--- EXERCISE OBJECTIVE ---
In the entries below, begin at the line with "Campus di Giornalismo" and stop after the line with "Hm rkosi vipera"; output those lines exactly and omit the pictures.

++++++++++

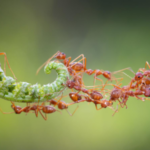 Ants creating a bridge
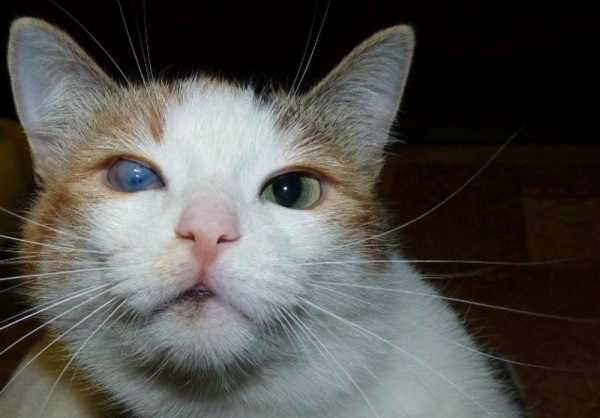 Почему у кошки покрылся глаз мутной пленкой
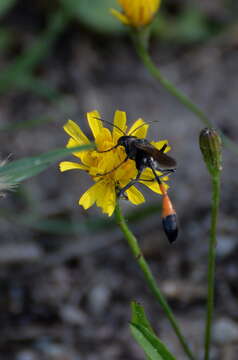 Image of Ammophila sabulosa (Linnaeus 1758)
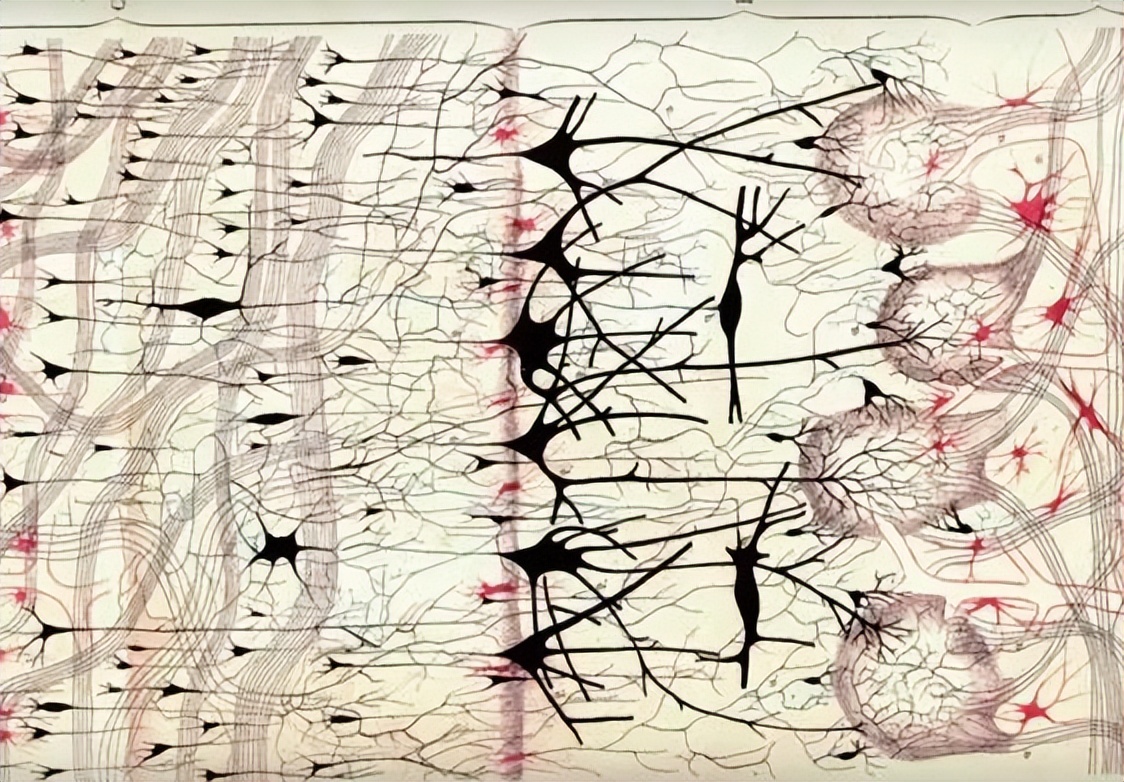 深度信念网络和皮层算法：监督分类的比较研究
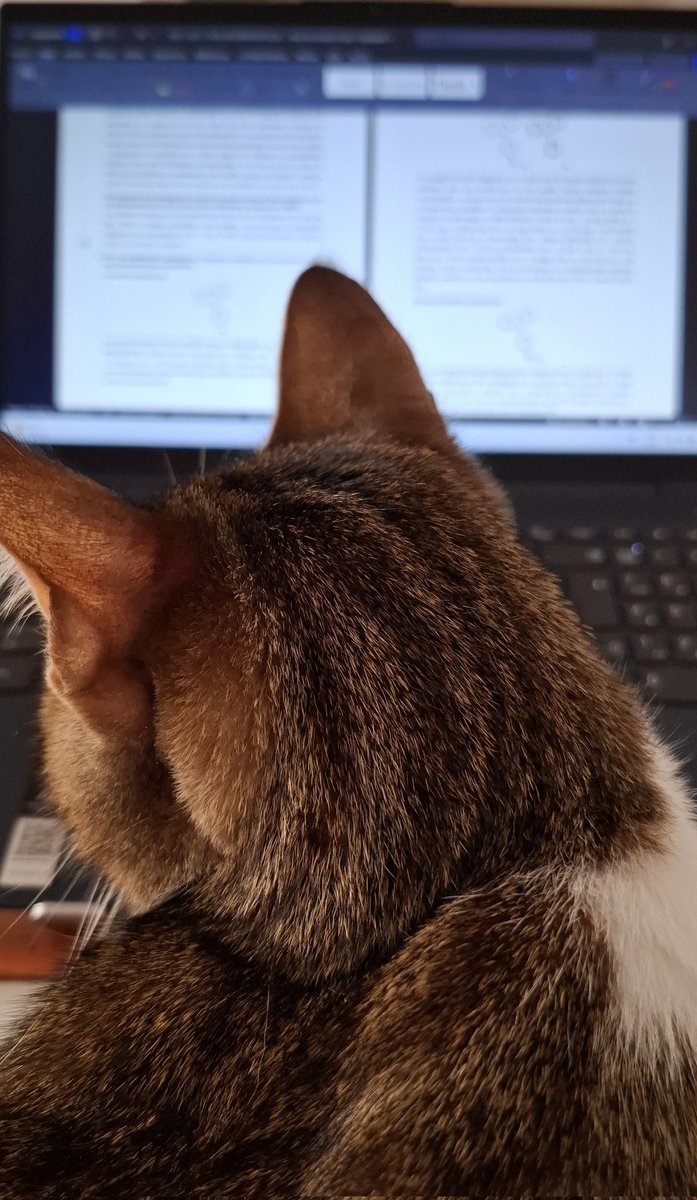 Mi compañia en el trabajo 10/10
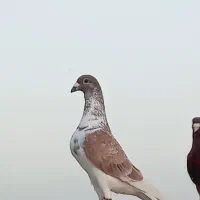 ۴ تا پلاکی رنگ روشن عالی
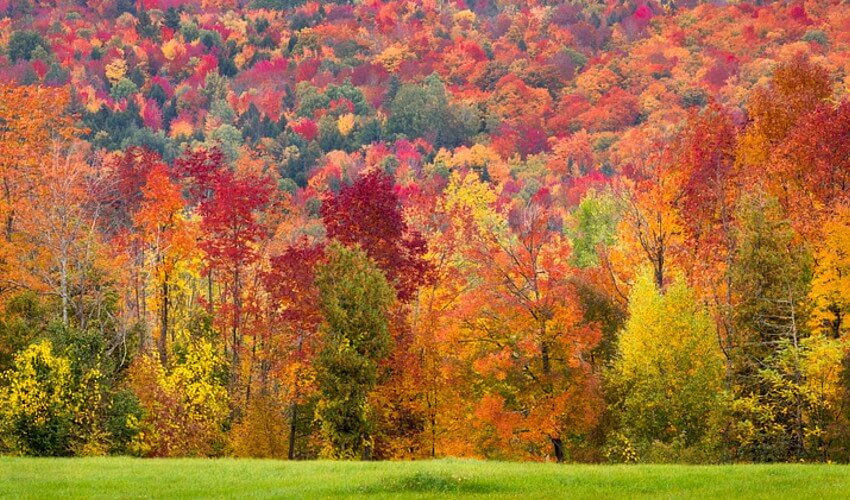 Autumn foliage during peak fall season.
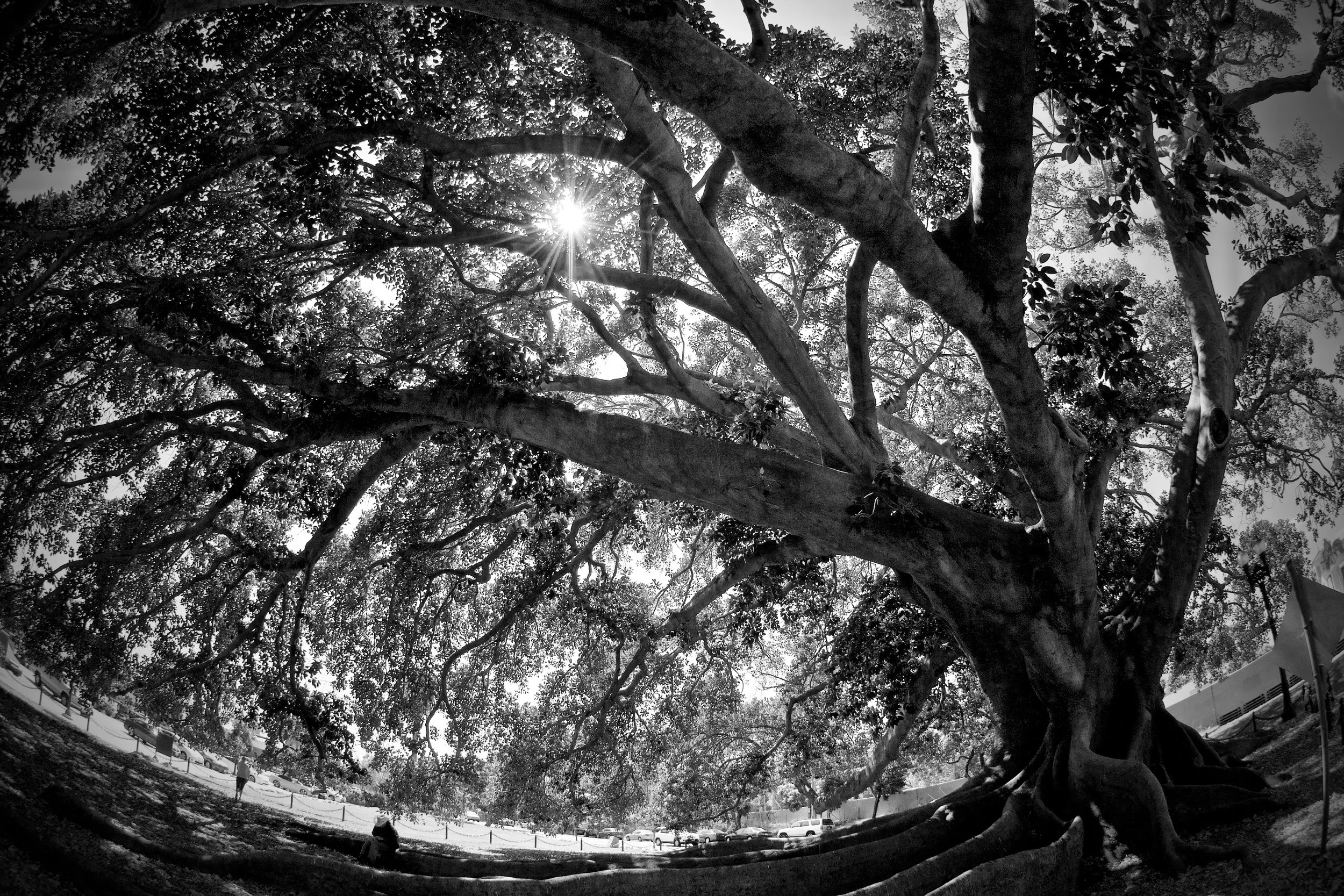 Moreton Bay Fig B/W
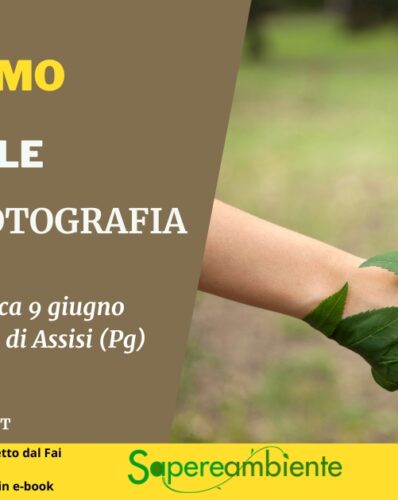 Campus di Giornalismo ambientale e culturale 2024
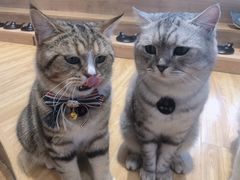 -啵啵喵·猫咖(攀华国际店)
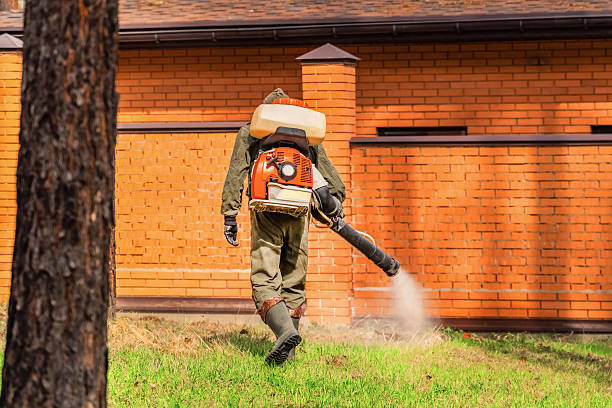 Cockroach Follow-Up and Monitoring in Fort Belvoir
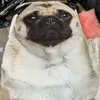 3D PUG PUG DOG CAT المطبوع لحاف صيفي ناعم ناعم الأسرة خفيفة الوزن الأطفال البالغين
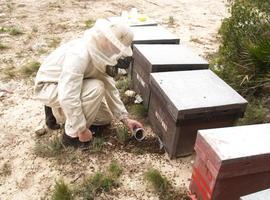 COAG alerta de posibles daños a las abejas melíferas por los insecticidas neurotóxicos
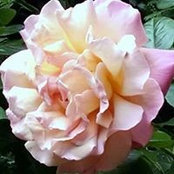 Foto von Maria Moore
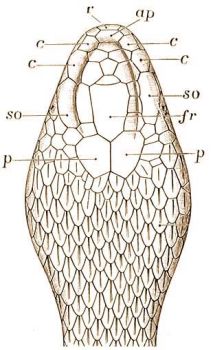 Hm rkosi vipera feje fellrl: ap = orrtetpajzs, c = prknypajzsok, fr = homlokpajzs, p = falpajzsok, r = orrcscspajzs, so = fels szempajzsok, sq = pikkelyek.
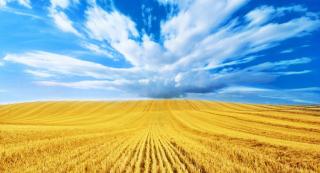 26-та річниця незалежності України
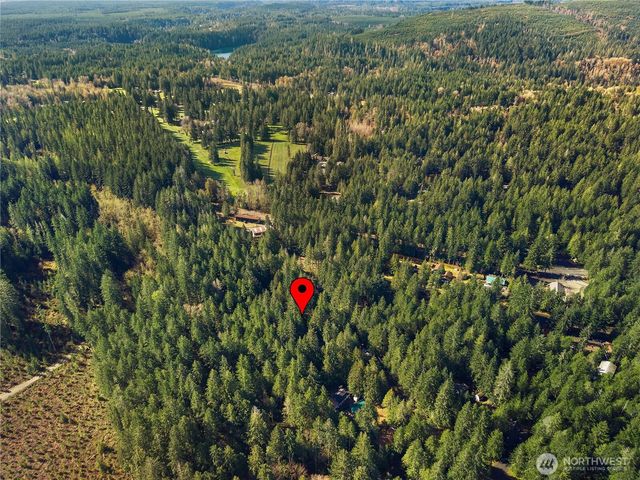 300 N Mount Jupiter Drive, Hoodsport, WA 98548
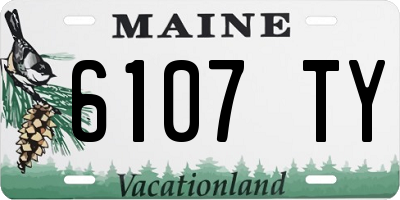 ME license plate 6107TY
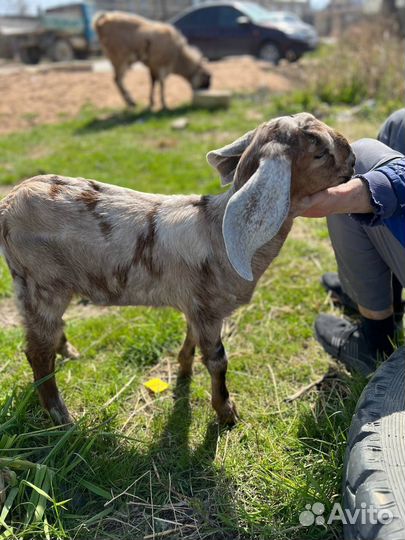 Козлик англо-нубийский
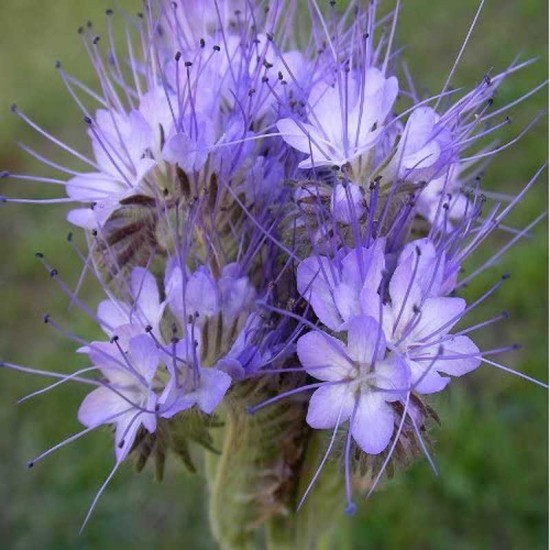 Σπορος φακελωτη Σπορος φακελωτη
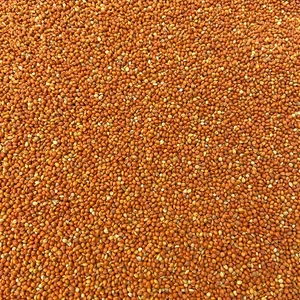 Hạt Kê Đỏ Nhỏ Ấn Độ 500g/1Kg - Vỏ Mềm, Thức Ăn Sạch Cho Vẹt/Yến Phụng/Chim Cảnh, Ít Chất Béo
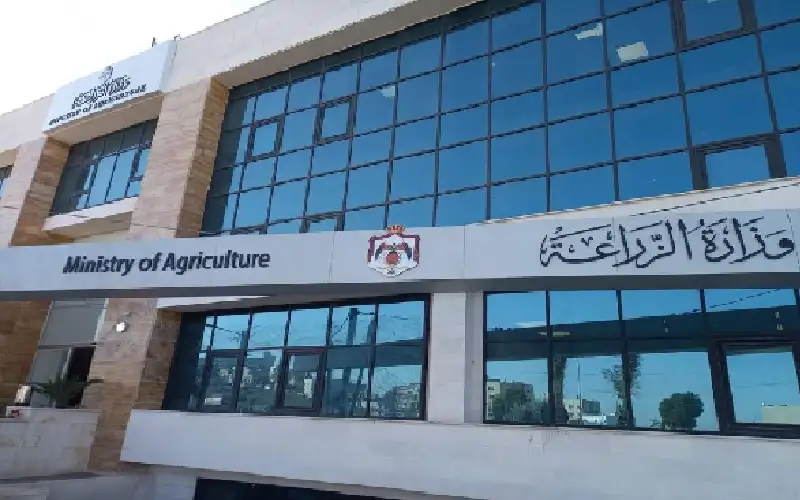 الحنيفات: 63% من غذائنا محلي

++++++++++

--- EXERCISE RESULT ---
 Campus di Giornalismo ambientale e culturale 2024
 -啵啵喵·猫咖(攀华国际店)
 Cockroach Follow-Up and Monitoring in Fort Belvoir
 3D PUG PUG DOG CAT المطبوع لحاف صيفي ناعم ناعم الأسرة خفيفة الوزن الأطفال البالغين
 COAG alerta de posibles daños a las abejas melíferas por los insecticidas neurotóxicos
 Foto von Maria Moore
 Hm rkosi vipera feje fellrl: ap = orrtetpajzs, c = prknypajzsok, fr = homlokpajzs, p = falpajzsok, r = orrcscspajzs, so = fels szempajzsok, sq = pikkelyek.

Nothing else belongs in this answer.